Legal fees amount to $58,000, then 200,000 euro. $250,000, we are told, goes to manager Nigel Thomas, who has sold his client’s visage for $1 million before unexpectedly and rather inconveniently dying. Morrissey then asks his bookkeeper to demand that sum back from Thomas’ grieving family and wonders why this instruction is met with jaw-dropping incredulity. When he is sued in L.A. Supreme Court by a man we’re asked to believe is really called Irving Handsoff, we get this unflattering self-assessment, which crept by the editors at Penguin Classics (who perhaps for a moment thought they had an genuine Dickensian tract on their hands): “It was true that the art of getting money and acknowledging no superior was the rock on which the black hands of Handsoff had built his empire, and I was gooey putty against his Israelites.” Well, no snot-nosed cub reporter at NME can plausibly be blamed for that ugly formulation. But the odd Israelite doesn’t stand a chance against legions of adoring Israelis. Morrissey was gooey putty, too, when presented the Keys to the City of Tel Aviv in 2012, an event happily chronicled on the Autobiography’s very own flap jacket. He also expresses happy befuddlement, in the tail-end of the book — basically a venue-to-venue concert diary — at his enormous Hispanic following.

My analogy falls down when Morrissey decides to cast himself in the role of his preferred literary progenitor — Wilde — albeit without the wit and poignancy of Oscar's famous decline and fall. A decade-long civil suit initiated by former Smiths drummer Mike Joyce against Morrissey and Marr, alleging that he was owed a quarter percentage of all band royalties is treated as a mixture of “Berezovsky v. Abramovich” and De Profundis. Our narrator insists that such a dispensation was never on offer or agreed to in 1982 when the band came together. Joyce and bassist Andy Rourke, here relegated to the status of sessions musicians, were only meant to get 10 percent apiece because the Smiths were only really ever Morrissey and Marr. Joyce “Iscariot” (making Morrissey whom, exactly?) nevertheless wins big the first time, then on appeal, and this crime cannot go without heaving, empurpled redress.

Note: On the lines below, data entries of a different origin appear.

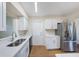 Kitchen with stainless steel refrigerator, white cabinets and counters, and wood flooring at 10735 64Th N Ave, Seminole, FL 33772
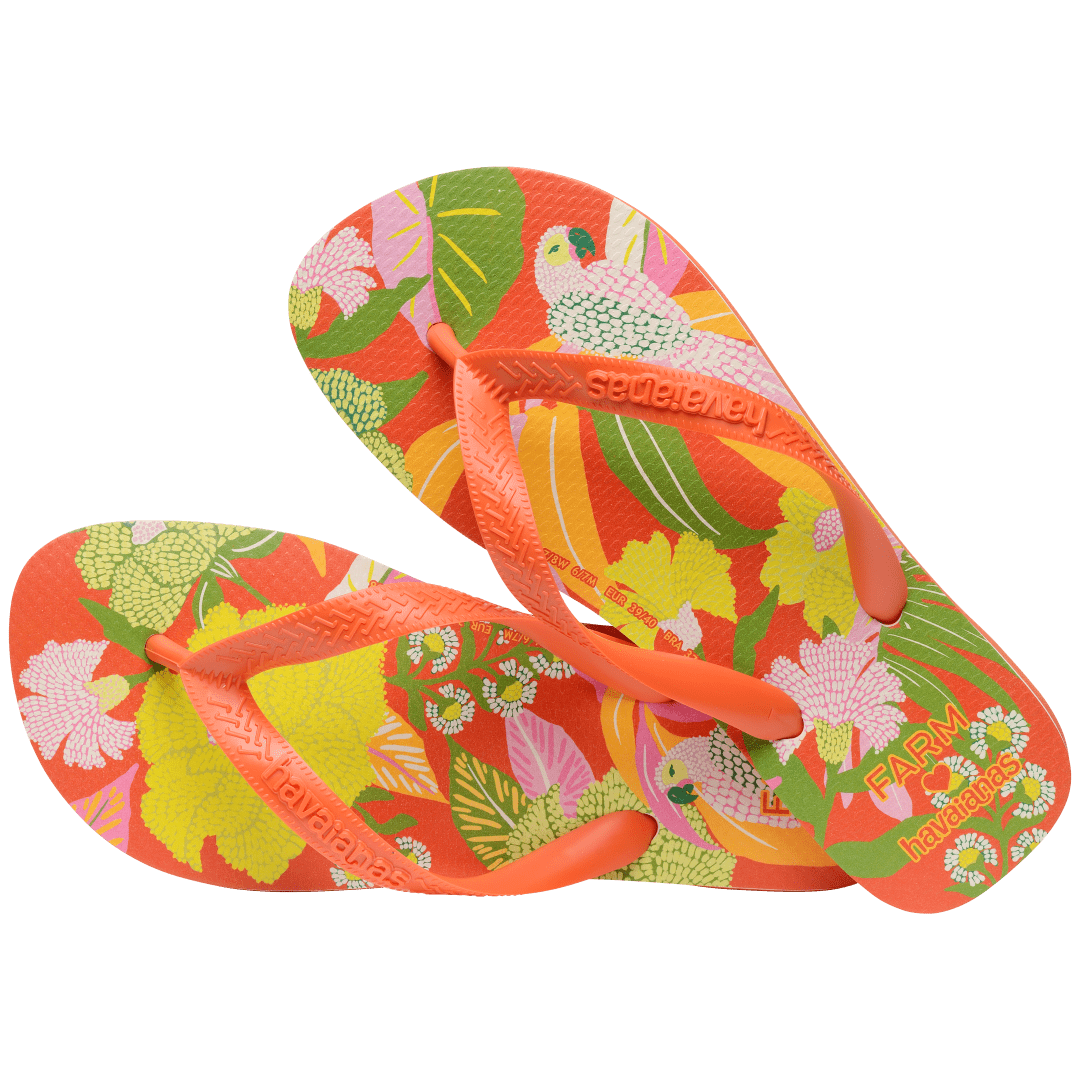 Women's FARM Rio x Havaianas orange, pink, yellow and green print flip flops with flowers, parrots and plants and orange straps alternate top view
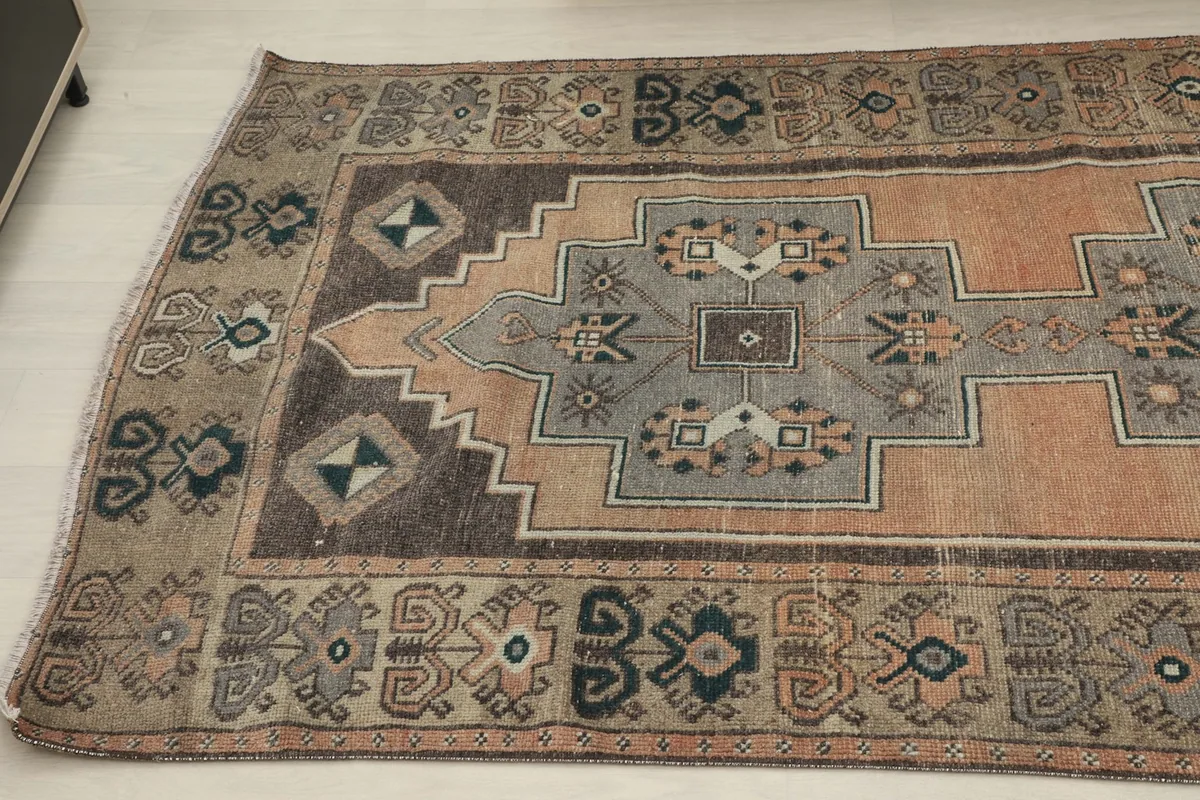 Angled view highlighting the intricate geometric and tribal motifs in the gray, orange, and black sections of the rug.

The court case, minuted in 50 pages of mock retrial, finds Morrissey at his bitterest and most self-pitying, scuppering any chance the reader might have of feeling sorry for him as the victim of a genuine swindle. The wickedness of judges past and present is a leaden theme throughout the Autobiography: not only are bewigged verdict-dealers hunters and fisherman and “terrorists” but their only function is to be “remembered somewhere (anywhere!) in history’s grubby footnotes.” This is in fact referring to Alfred Wills, the man who locked up Wilde for sodomizing Bosie, not about John Weeks, the man who gave Joyce his 25 percent cut.

Weeks is a lonely High Court judge bearing many a grudge, living in a mansion, and looking like “a pile of untouched sandwiches,” whatever that means. “Unable to get his way with his mother, Nigel Davis” is the actual beginning of a sentence about Joyce’s attorney. Bedeviled by treachery within and without — the “barrister chosen to guard my human rights,” Morrissey types, “also steps down” — and our hero is finally undone because “the ardent zeal to finally topple and silence an outspoken pop artist took its place firmly and unashamedly as this trial began.” I have nothing to declare but my genius and my 40% interest.

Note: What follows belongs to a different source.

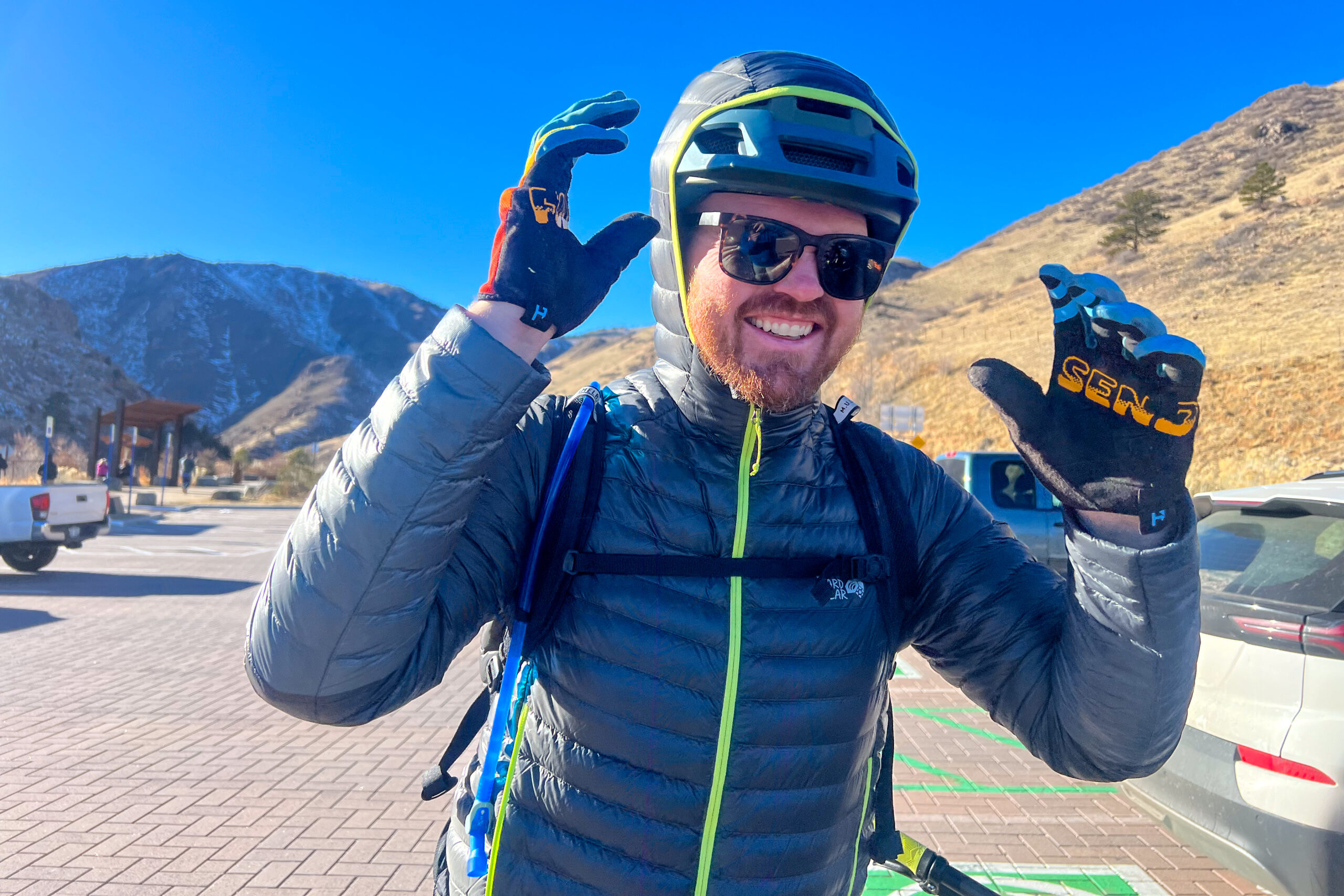 A person wearing a helmet, gloves, and a down jacket stands smiling in a parking lot with mountain scenery.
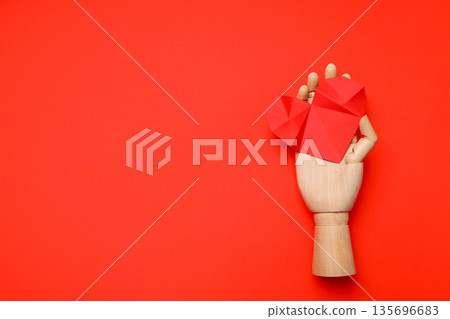 Wooden hand holds red paper hearts on a bright backdrop Wooden hand holds red paper hearts on a bright backdrop 135696683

The insipidity of these sections — there are no chapters in the Autobiography, just a wall of text from the first page to the last — only detracts from the hilarity on display from someone who might have otherwise made it as one of England’s finest satirists (and here we come back to Larkin).

At St. Wilfred’s, Morrissey’s Catholic primary school in Hulme, we find a “bearded nun who beats children from dawn to dusk” and a woman teacher who is a “sexual hoax.” Morrissey and the artist Linder Sterling attend the opening night of “meat-fed” Tony Wilson’s Hacienda Club (since captured on celluloid in the not-bad Steve Coogan-vehicle 24 Hour Party People), “which was initially for the secret agony of the secret public, but soon stuffed coaches from Blackburn and Bolton would pull up outside, unloading disfigured disco dancers and goblinesque pork-pie chubbos with carroty-red curls smelling of pickled pig who claimed the Hacienda as their own public toilet.” Roxy Music is… “Agatha Christie queer; the smile of [Bryan] Ferry is Hiroshima mean, as he shuffled from crab-style from stage right to stage left… like someone who’s had his food dish removed.” Nico’s body is “eighty-five parts anti-freeze and fifteen parts first-degree aitch.” When fame arrives in the ‘80s, and Morrissey is upgraded from mom’s house in Manchester to a decent pile in London, the “doorbell rings and there stands Vanessa Redgrave. ‘Marcie,’ she begins, and then goes on about social injustice in Namibia, and how we must all build a raft by late afternoon — preferably out of coconut matting.”

A pity this Moz didn’t win out over the the mean-spirited score-settler who afflicts so much of the Autobiography.